The latest salvo comes from the International Energy Agency, whose executive director Maria van der Hoeven told a Toronto audience Monday that pricing carbon is one of the key elements to ensure that what people pay for energy reflects its true costs. That must be done if the world is to move toward a sustainable energy future, she said.
The IEA is an agency formed by the biggest industrialized nations to analyze energy data and co-ordinate energy policy. In recent years it has strongly supported a shift to renewables, but without abandoning existing fossil fuels.
In an interview after her speech, Ms. van der Hoeven said that “the decision has to be made” by governments around the world to put a price on carbon. The IEA has no preferred means of carbon pricing, she said, but it is up to each country, group of countries, or region to decide on the best approach.
The agency has, however, recommended the elimination of all fossil-fuel subsidies, to level the playing field for renewables.
In Europe, where a carbon trading system is well-entrenched, the price of carbon is much too low, Ms. van der Hoeven said, so it is not enough to prompt a rapid enough shift to renewables. In general, “the price has to be high enough to be effective … and you have to do it for a long time, not for [just] one year,” she said.
British Columbia is the only jurisdiction in Canada that has implemented a carbon tax, although Alberta has rules that are essentially a form of “cap and trade” pricing.

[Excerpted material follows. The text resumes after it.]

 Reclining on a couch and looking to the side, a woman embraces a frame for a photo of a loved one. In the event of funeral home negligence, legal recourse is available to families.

Many environmental groups have called for some form of carbon pricing across the country, and a report earlier this year from the University of Calgary’s School of Public Policy said the government should set a price on pollution and carbon-dioxide emissions.
Ms. van der Hoeven said that while there has been considerable progress in implementing renewable technologies, such as hydro power, biomass, wind energy and solar, there needs to be more effort put into clean coal, carbon capture and storage, and biofuels for transportation.

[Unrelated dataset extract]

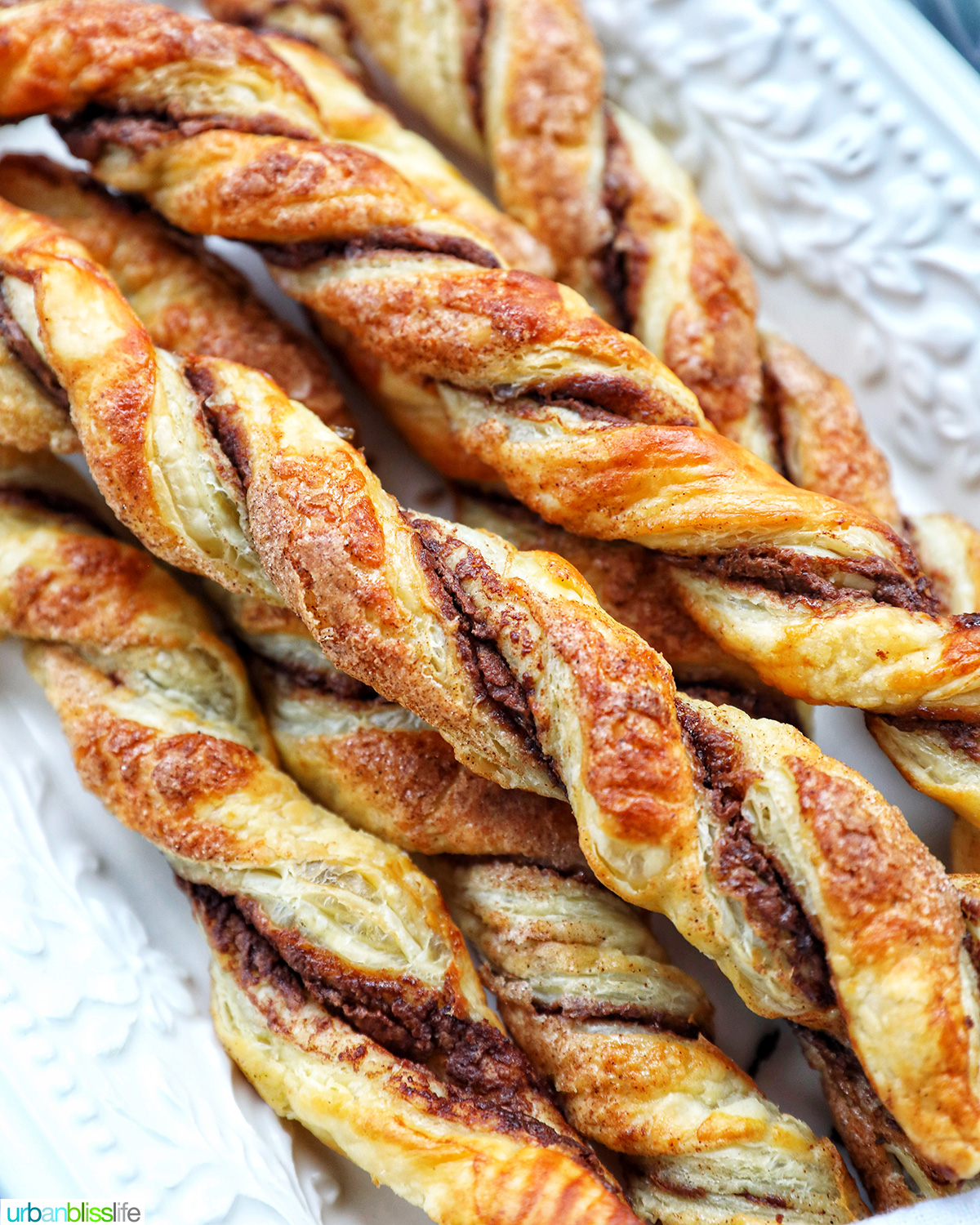 puff pastry chocolate twists on a white serving tray.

In Canada, because of the widespread use of hydro power, as much as 75 per cent of electricity could be generated by renewables by 2050, she said. A key area for investment in this country is the transmission grid, which needs widespread upgrading, she added.
The IEA is enthusiastic about natural gas as a transition technology, substituting it for coal as other renewables are developed further. Its abundance – particularly from unconventional sources – means natural gas can also contribute to energy security, Ms. van der Hoeven said.
Still, there is legitimate concerns over environmental and social impacts of technologies such as fracking, and industry must do far more to win public confidence, she said.
Ms. van der Hoeven, who is on her way to tour the oil sands, said the development of projects there “are a very important part of the security of supply, not only to Canada but also to the United States.” However, the country must also develop renewable energy at the same time, and ensure that the oil sands land is fully reclaimed after the oil is extracted, she said.
A former politician in the Netherlands, Ms. van der Hoeven said she understands why Canada and its provinces have not yet come up with a broadly based national energy policy. “I come from Europe and I know how difficult it is to organize [things like that].”
But a national approach on regulation and standardization would be valuable, she said, noting the tendency in Canada to build north-south energy grids rather than east-west ones between provinces.